October 11, 2019
Oct. 11, 2019—In observing National Hispanic Heritage Month, CFISD schools celebrated students’ Hispanic heritage and the histories, cultures and contributions of American citizens whose ancestors came from Spain, Mexico, the Caribbean and Central and South America through parades, projects and specific lessons.
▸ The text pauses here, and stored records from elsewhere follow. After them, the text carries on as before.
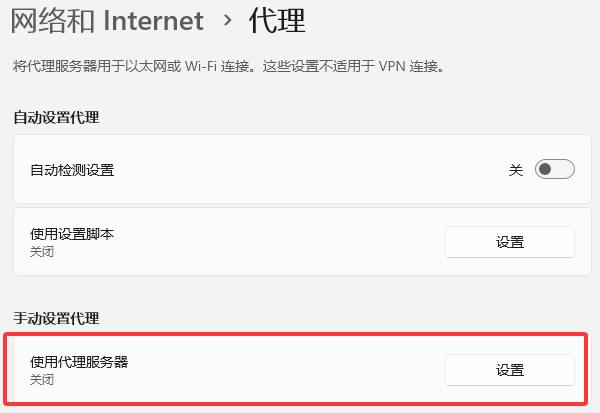 检查是否误开代理/VPN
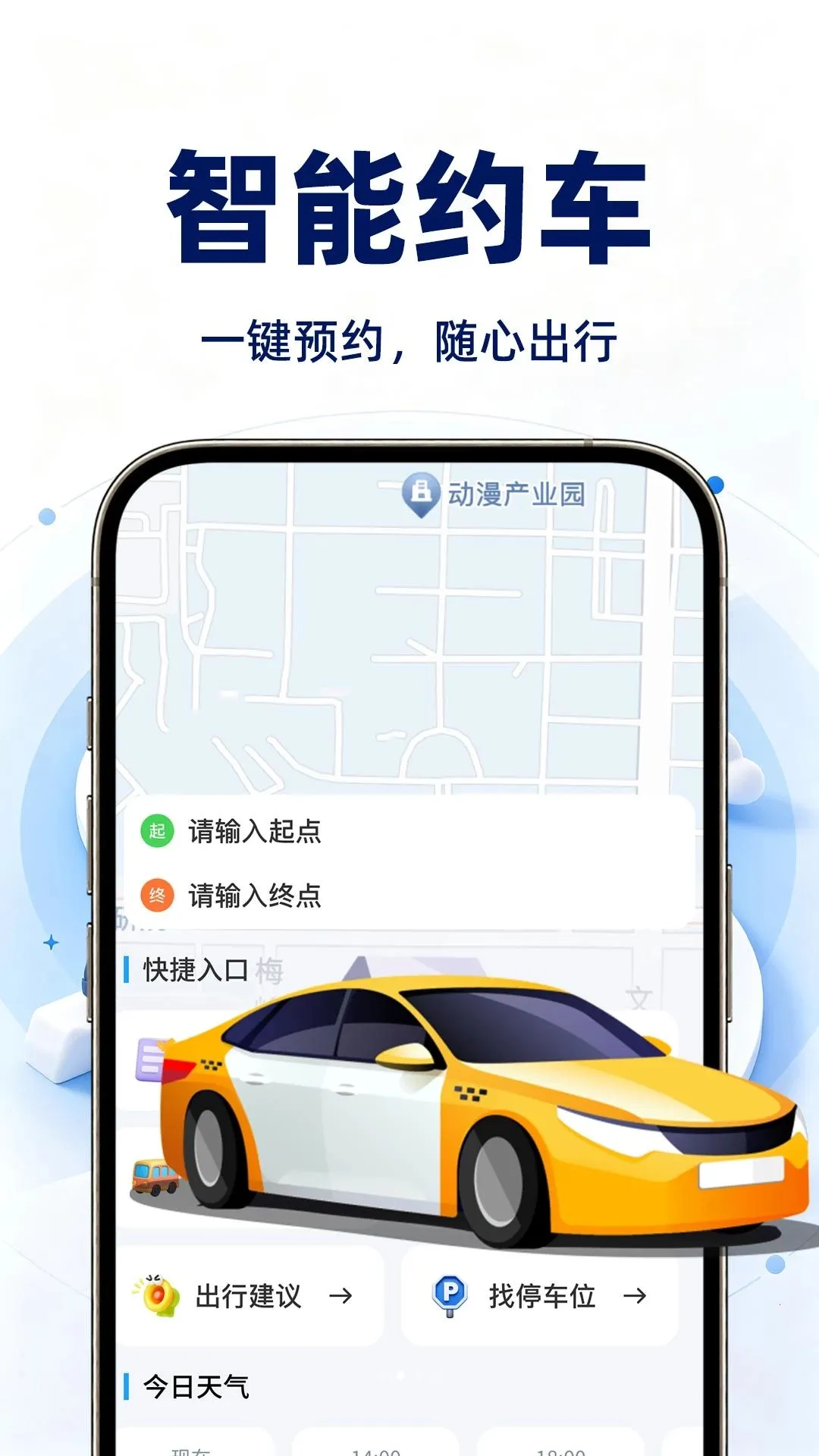 ˳�糵���г�����(�����Ż�ƽ̨)v1.0.1 ��׿���ͼ1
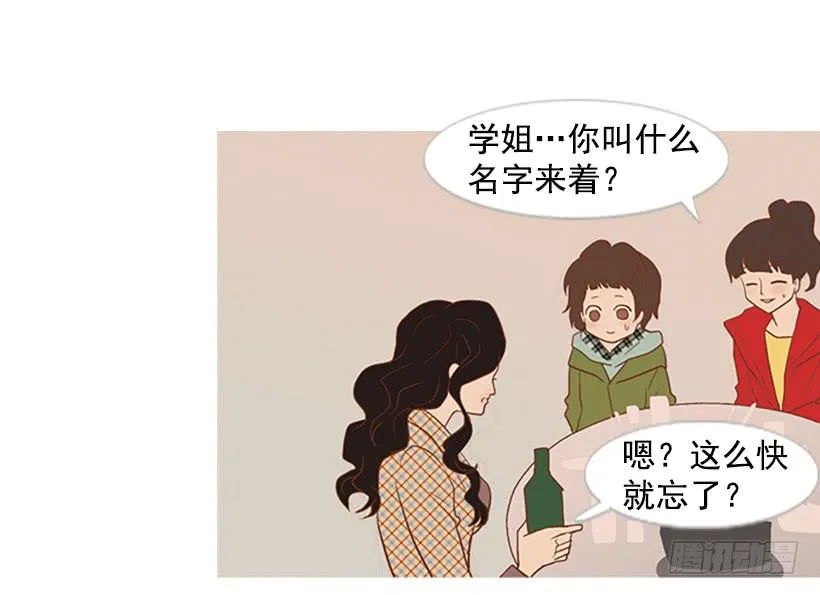 不祥的预感 第14页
National Hispanic Heritage Month runs from Sept. 15 to Oct.15. The observation of National Hispanic Heritage Month began in 1968 as Hispanic Heritage Week under President Lyndon B. Johnson. President Ronald Reagan expanded the observation period to a month in 1988. Sept. 15 is not only the start of National Hispanic Heritage Month, but is also the anniversary of Costa Rica, El Salvador, Guatemala, Honduras and Nicaragua’s independence. Within the month, Mexico and Chile also celebrate their independence.
Metcalf Elementary School
Metcalf Elementary School celebrated Hispanic Heritage Month by hosting a parade around the school on Oct. 4. Students decorated masks, made posters highlighting different Hispanic countries and dressed in traditional Hispanic clothing.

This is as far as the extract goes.